Generating XMAD{.X,.CC} by PTX

jowlo · February 11, 2019, 9:51am

Hi everyone!

I am optimizing an application that is almost completely relying on multi-precision integer arithmetic. The main target of the optimization is a Tesla P100. Due to the lack of native 32-bit multiply-and-add instructions, i am trying to speed up the routines with the help of 16-bit XMAD, as explained in the forum (https://devtalk.nvidia.com/default/topic/1017754/long-integer-multiplication-mul-wide-u64-and-mul-wide-u128/) and also in the paper by Emmert et al. (https://ieeexplore.ieee.org/abstract/document/7563271).

To make ptxas generate XMAD instructions, i am using their template, e.g.

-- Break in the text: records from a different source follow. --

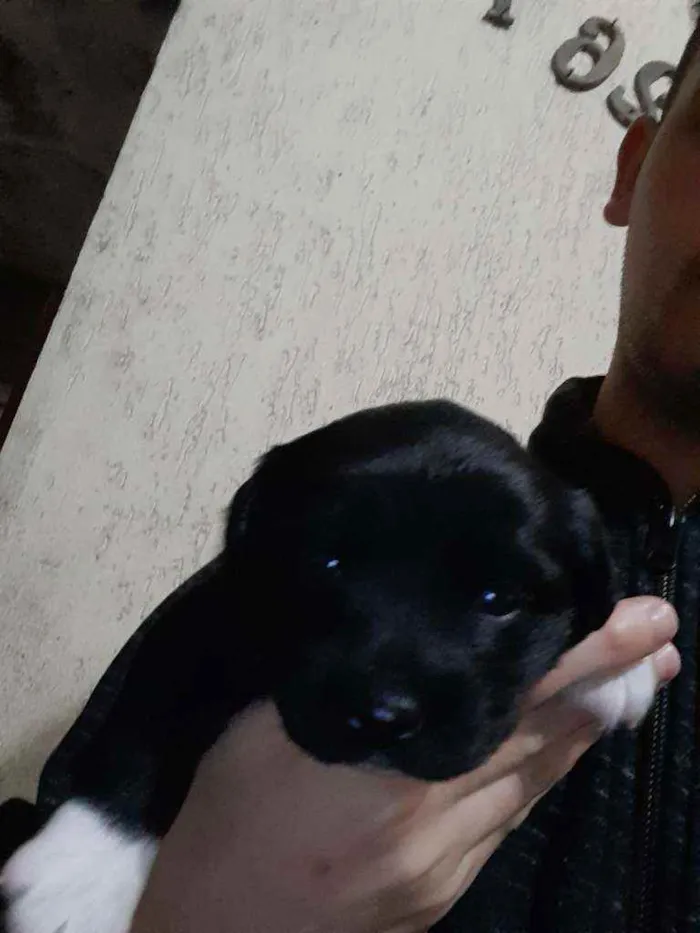 Cachorro raça Vira - lata  idade Abaixo de 2 meses nome Duda 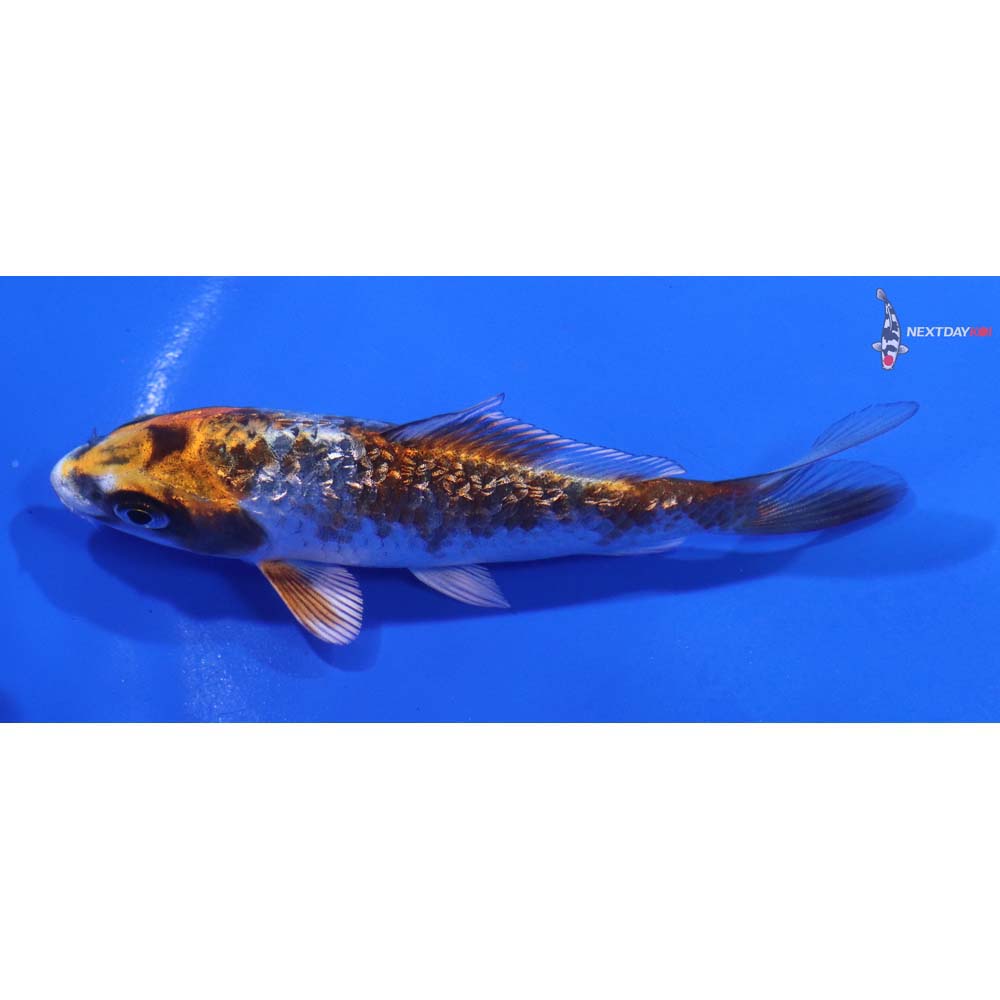 4” Imported Gin Rin Kujaku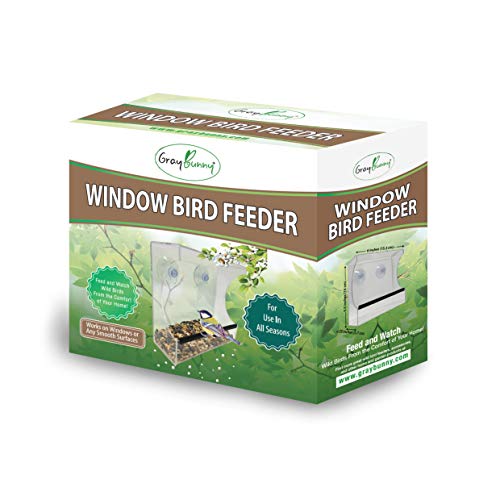 Gray Bunny GB-6895 Clear Window Bird Feeder, Compact Wild Birdfeeder with Drain Holes, Super Strong Suction Cups, Transparent Viewing, Covered, High Seed Capacity, Rubber Perch - Thumbnail 4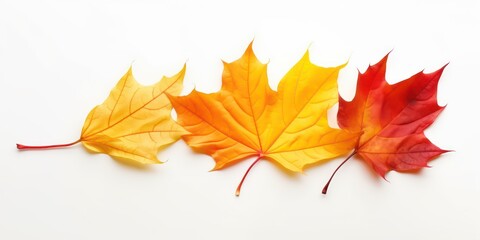 Fototapeta premium Beautiful, bright colorful natural autumn dry curved maple leaf in yellow, orange, red tones on white background with light shadow, side view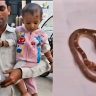 mistook the snake for a toy and took it in his mouth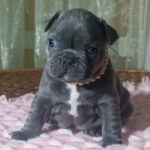 Lourdes-female-french-bulldog-puppy-for-sale-1 (4)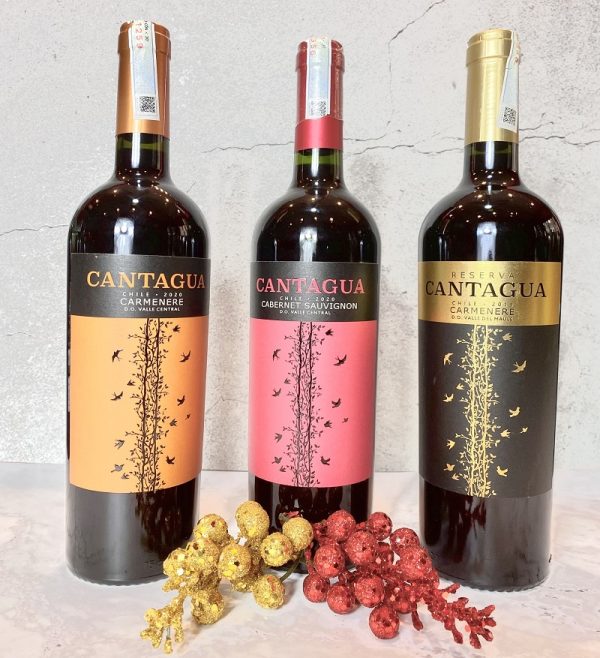 rượu cantagua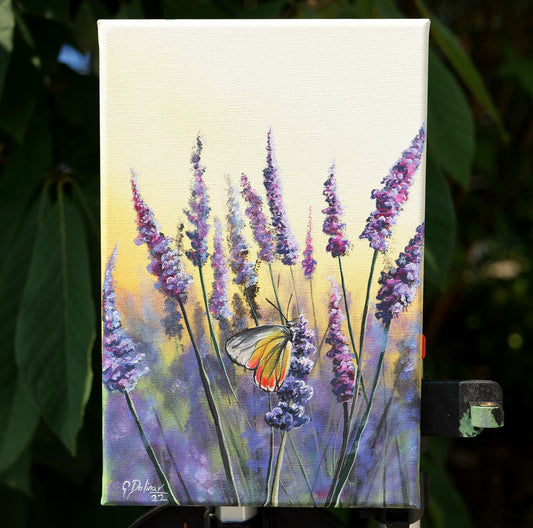 Lavender Breeze | Stretched Canvas Print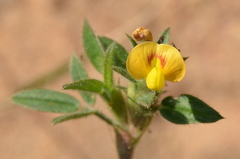 Dalbergieae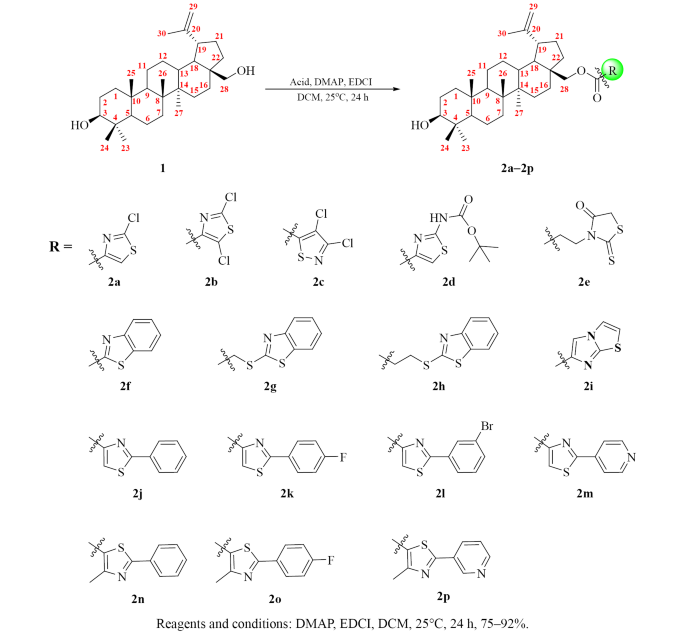 Design and Synthesis of Novel Betulin Derivatives Containing Thiazole ...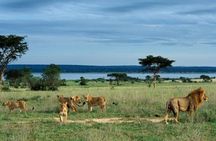 3 Days Murchison Falls - Budget 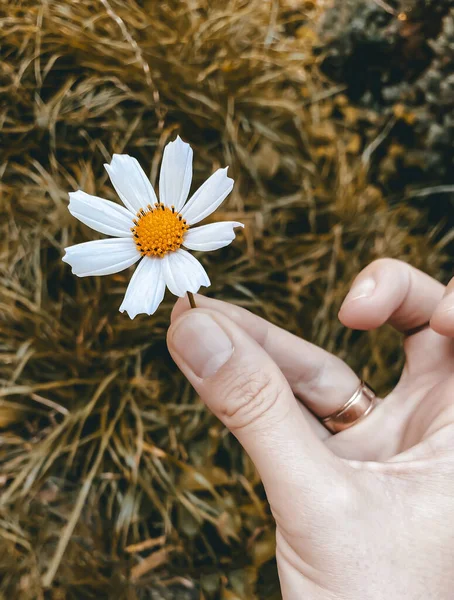 Осенняя концепция. Белый цветок космоса в женской руке на фоне осеннего желтого фона — стоковое фото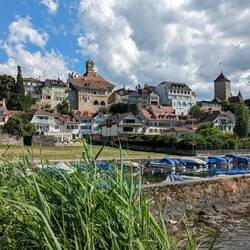 Blick vom Ufer des Murtensees
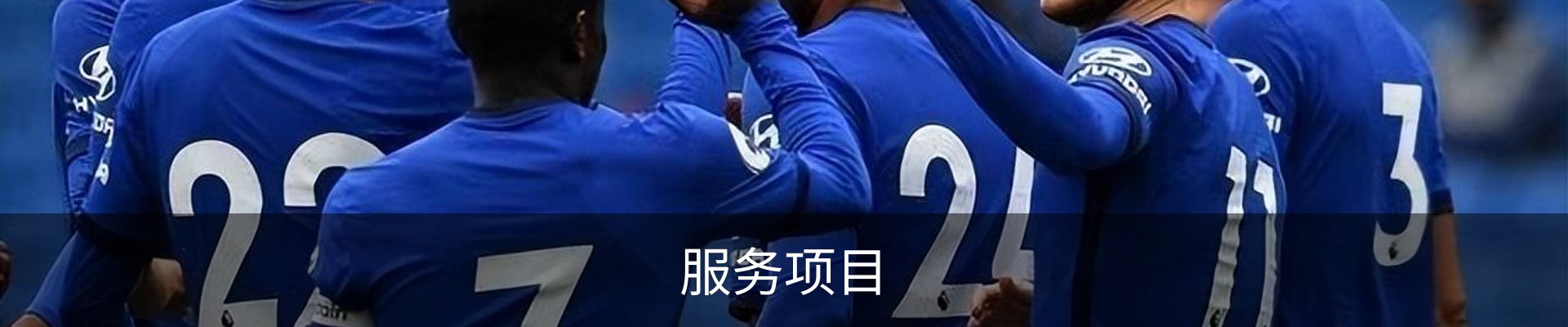服务项目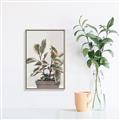 Picture of Pink Leaf House Plant _GroupedProduct_Rectangle_Portrait_Canvas_Framed_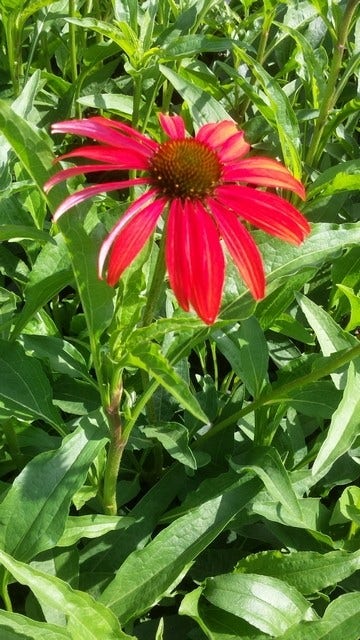  Zonnehoed (Echinacea P. 'Tomato Soup')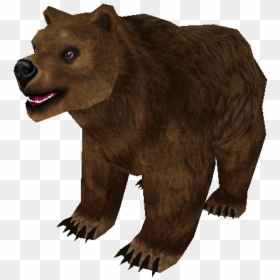 Bear Cub Png, Transparent Png - bear cub png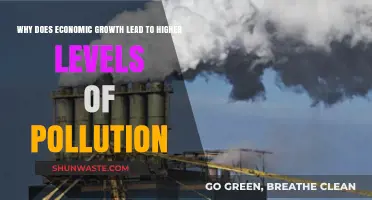 Economic Growth's Dark Side: Pollution's Rise and Environmental Costs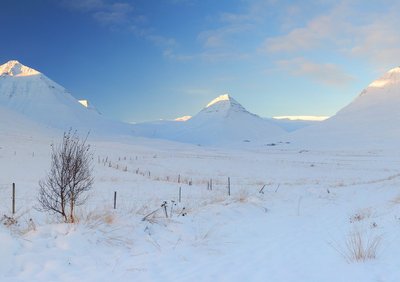 Svarfaðardalur - Nord-Island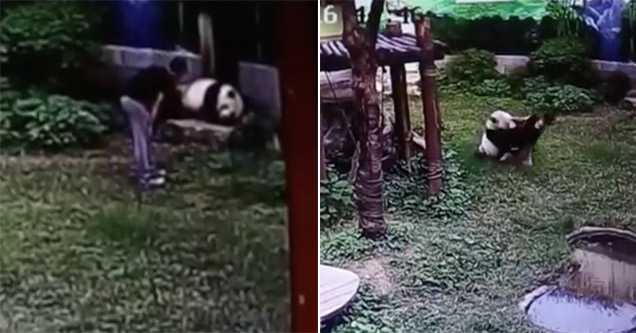 man jumps into panda enclosure and regrets it right away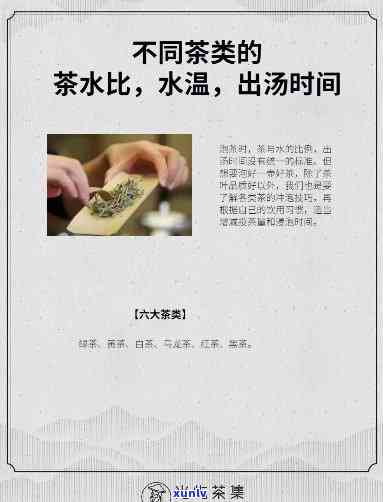 2012年大益龙印青饼价格与口感全面解析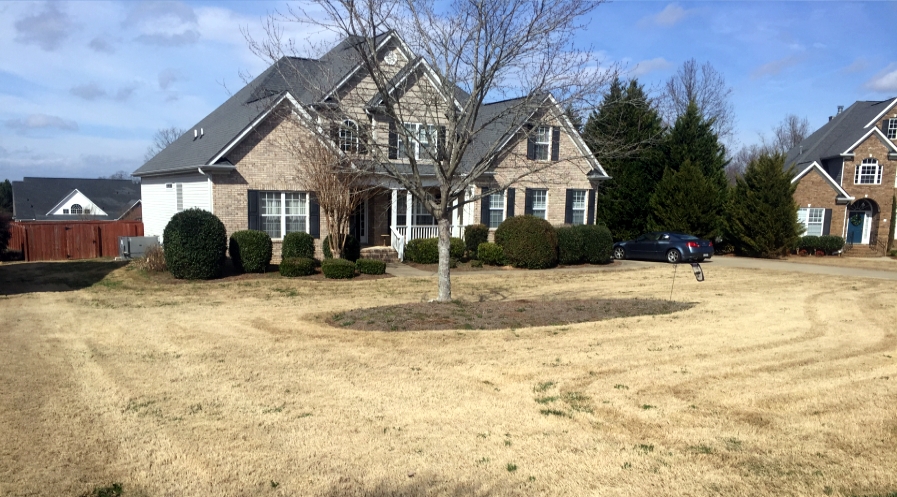 landscaping service in five forks sc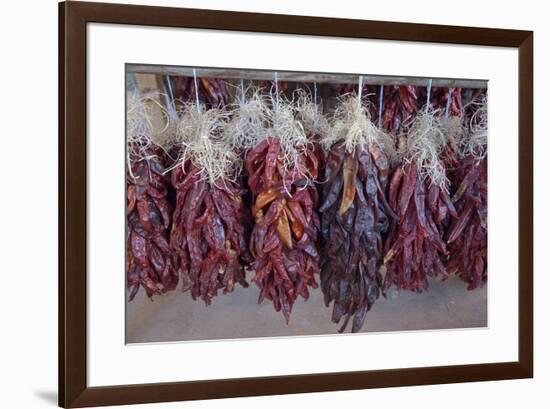 USA, Arizona, Sedona. Hanging dried chili peppers-Kevin Oke-Framed Premium Photographic Print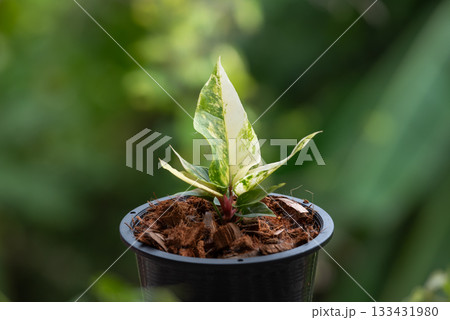 Greenery background nature plant leaf (Anthurium) Greenery background nature plant leaf (Anthurium) 133431980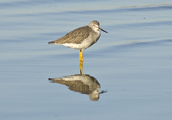 Shorebird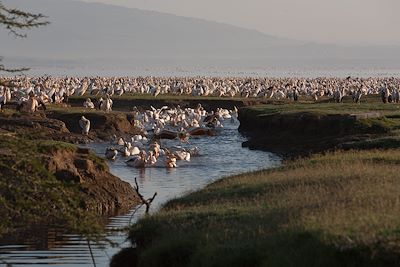 Parc national du lac Nakuru - Vallée du Rift - Kenya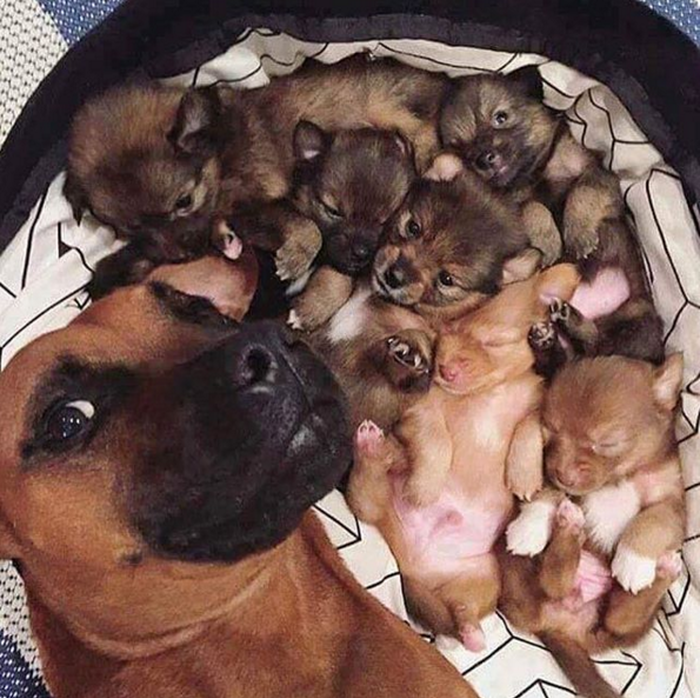 Selfie s klincima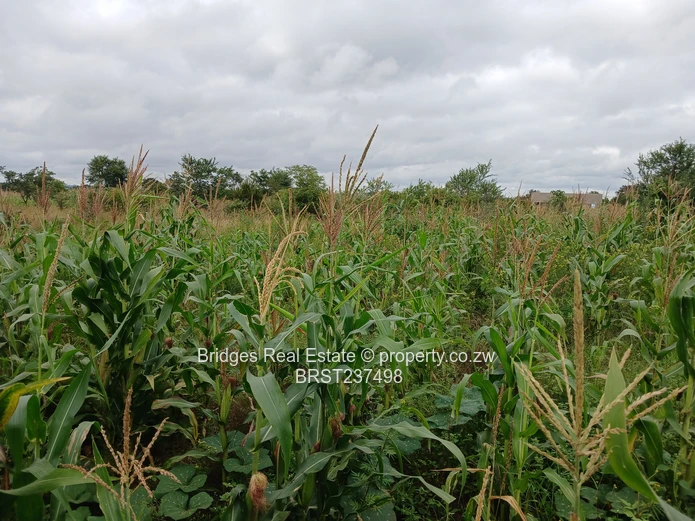 Fast establishing suburb in Gweru North! (Sole Mandate)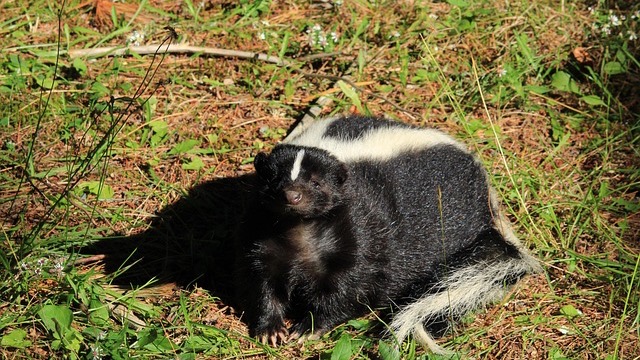Text box reading 'Why you see more skunks during February and March' on a blurred background.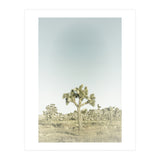 Vintage Joshua Tree  (Print Only) thumbnail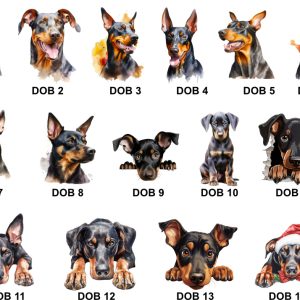 Doberman Images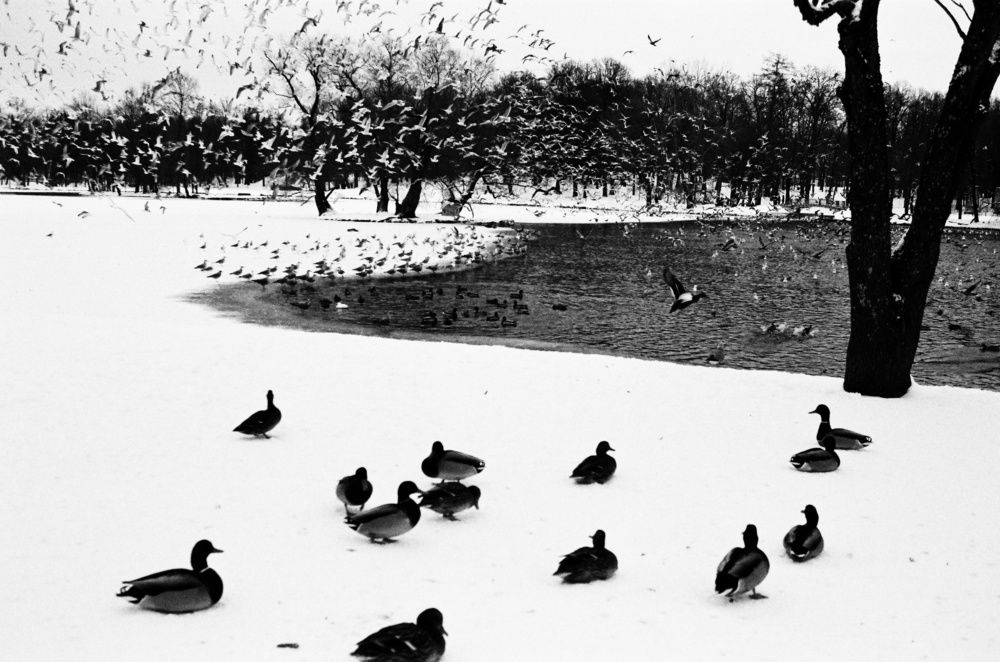 Photograph by Василий Селиванов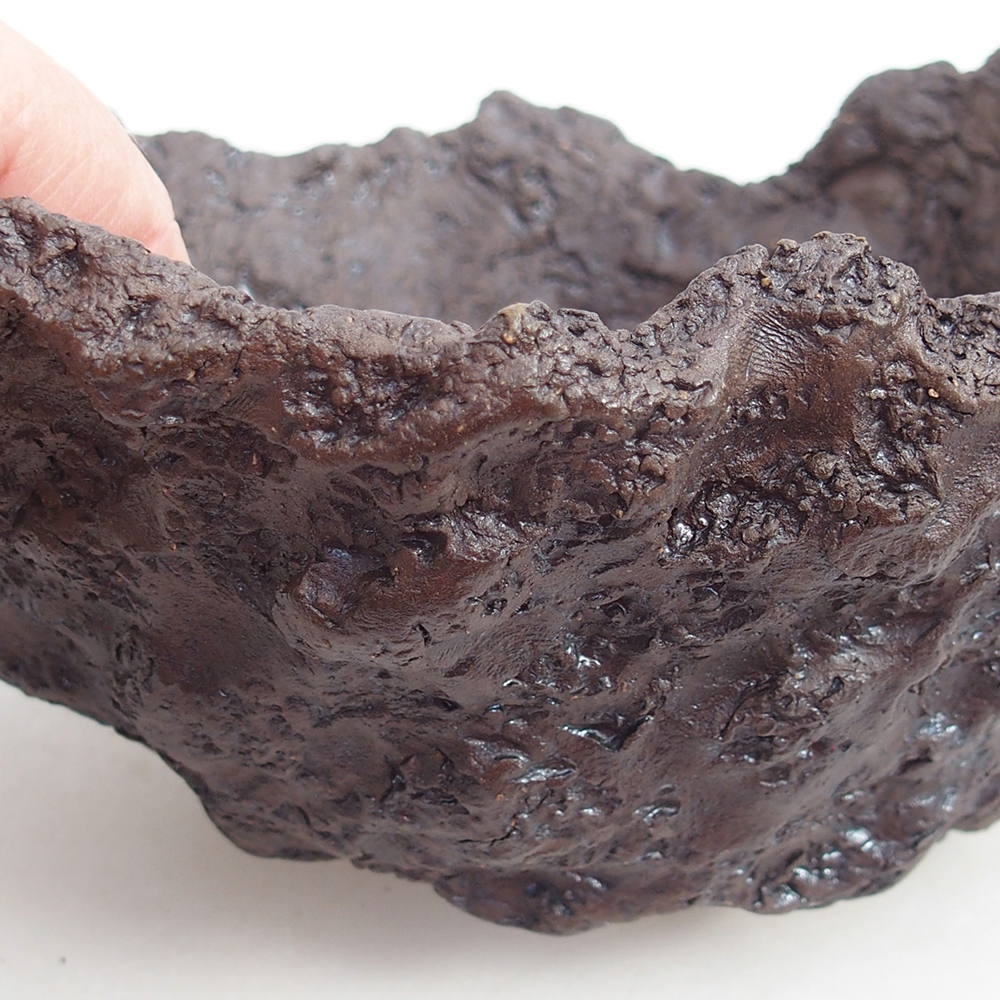 Coquille en céramique 18 x 16 x 15 cm , couleur marron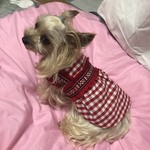 2着限定特価！！着せやすい犬服！オーダーメイド・犬服・わんちゃんのチロル風ギンガムチェックのワンピース♪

#define xmadhh_c_cc(r, a, b, c)                                    \
	asm volatile ("{ 					   \n\t"  \
		".reg .u16		%alo, %ahi, %blo, %bhi;    \n\t"  \
		".reg .u32		%t;                        \n\t"  \
		"mov.b32		{%alo, %ahi}, %1;	   \n\t"  \
		"mov.b32		{%blo, %bhi}, %2;	   \n\t"  \
		"mul.wide.u16		%t, %ahi, %bhi;		   \n\t"  \
		"addc.cc.u32		%0, %3, %t;		   \n\t"  \
	"}"	: "=r"(r) : "r" (a), "r" (b), "r" (c));

However, if i look into the generated SASS code for my platform, i see that for each variant (low/low, high/high, high/low, with and without carry) there is one XMAD and one IADD instruction generated. I never see any XMAD.X or XMAD.CC in the SASS code.

Can anyone with more insight into the compile-steps help me on this one?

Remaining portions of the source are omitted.